Cerró los ojos y por los tapices húmedos de sus párpados circularon recuerdos.
En el río. Ella con el pelo suelto, mojado y pegado a la espalda. Tan largo que se mece en un agua estancada como el plomo. Sale, se lo recoge y lo retuerce entre sus manos dejando una espiral de gotas a su alrededor. Omoplatos afilados como alas. Se estira con los ojos cerrados y el sol traza lingotes de luz en ella y la poza. A poniente, una docena de garzas surcan el cielo como bengalas disparadas contra montañas peladas. Firmamento mellado. Hay tanto silencio que él oye su corazón bombear sangre por todos los pasadizos de su cuerpo mientras la mira.

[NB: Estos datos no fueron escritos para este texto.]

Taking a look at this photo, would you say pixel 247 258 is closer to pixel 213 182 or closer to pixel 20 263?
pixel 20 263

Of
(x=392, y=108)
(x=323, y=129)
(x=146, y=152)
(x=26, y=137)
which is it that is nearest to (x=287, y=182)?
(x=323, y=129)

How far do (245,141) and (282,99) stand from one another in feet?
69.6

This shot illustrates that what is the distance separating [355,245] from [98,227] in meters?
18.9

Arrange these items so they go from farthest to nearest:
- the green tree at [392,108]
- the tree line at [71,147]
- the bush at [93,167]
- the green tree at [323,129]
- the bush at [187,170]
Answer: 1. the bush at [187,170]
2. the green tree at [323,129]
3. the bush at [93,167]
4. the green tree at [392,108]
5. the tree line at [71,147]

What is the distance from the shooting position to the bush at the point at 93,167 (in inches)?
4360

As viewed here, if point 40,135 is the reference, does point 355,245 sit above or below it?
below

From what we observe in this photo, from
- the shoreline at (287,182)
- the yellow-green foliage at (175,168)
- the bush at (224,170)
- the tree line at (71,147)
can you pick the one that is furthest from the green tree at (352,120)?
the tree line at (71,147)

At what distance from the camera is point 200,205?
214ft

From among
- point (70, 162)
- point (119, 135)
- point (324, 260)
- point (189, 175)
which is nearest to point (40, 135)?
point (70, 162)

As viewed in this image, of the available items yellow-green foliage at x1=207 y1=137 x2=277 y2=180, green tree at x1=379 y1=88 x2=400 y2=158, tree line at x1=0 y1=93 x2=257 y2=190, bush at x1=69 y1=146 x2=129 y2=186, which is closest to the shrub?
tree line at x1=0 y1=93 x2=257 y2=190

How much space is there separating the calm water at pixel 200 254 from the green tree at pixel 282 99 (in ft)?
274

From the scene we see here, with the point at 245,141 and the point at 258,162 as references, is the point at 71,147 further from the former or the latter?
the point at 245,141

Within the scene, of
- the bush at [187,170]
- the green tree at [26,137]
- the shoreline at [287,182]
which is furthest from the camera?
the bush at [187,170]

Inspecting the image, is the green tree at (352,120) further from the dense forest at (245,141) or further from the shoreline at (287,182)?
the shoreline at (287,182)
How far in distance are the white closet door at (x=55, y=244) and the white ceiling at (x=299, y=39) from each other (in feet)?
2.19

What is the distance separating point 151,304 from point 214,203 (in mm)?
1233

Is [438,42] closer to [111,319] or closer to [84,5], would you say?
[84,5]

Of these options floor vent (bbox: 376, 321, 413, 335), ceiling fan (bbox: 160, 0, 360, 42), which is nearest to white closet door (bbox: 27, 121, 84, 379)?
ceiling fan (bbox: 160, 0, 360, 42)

En el prado. Ellos sentados con las piernas formando tijeras. Agujas de pino en la tierra. Comen higos en cuencos de hojalata, chupándose los dedos y secándoselos en las piernas. Sobre sus cabezas el cielo cambia de violeta a ébano mientras esparce estrellas ya muertas como agujeros en un dibujo punzado. A lo lejos, una tormenta azul enciende y apaga relámpagos retorcidos en la orilla del mundo. El viento remueve su pelo y su ropa. Ella le habla de la Vía Láctea, de Casiopea y de la Osa Mayor como un día su abuelo le habló. Un trueno suena como la tos de un Dios. Él se sopla las manos. Ella extiende sus brazos al frente como si sostuviera una caja con un regalo invisible. Se abrazan. Se besan. Quietos como dos flores en una campana de cristal. Una cortina de lluvia cae sobre ellos. Embestidas de calor les percuten por dentro.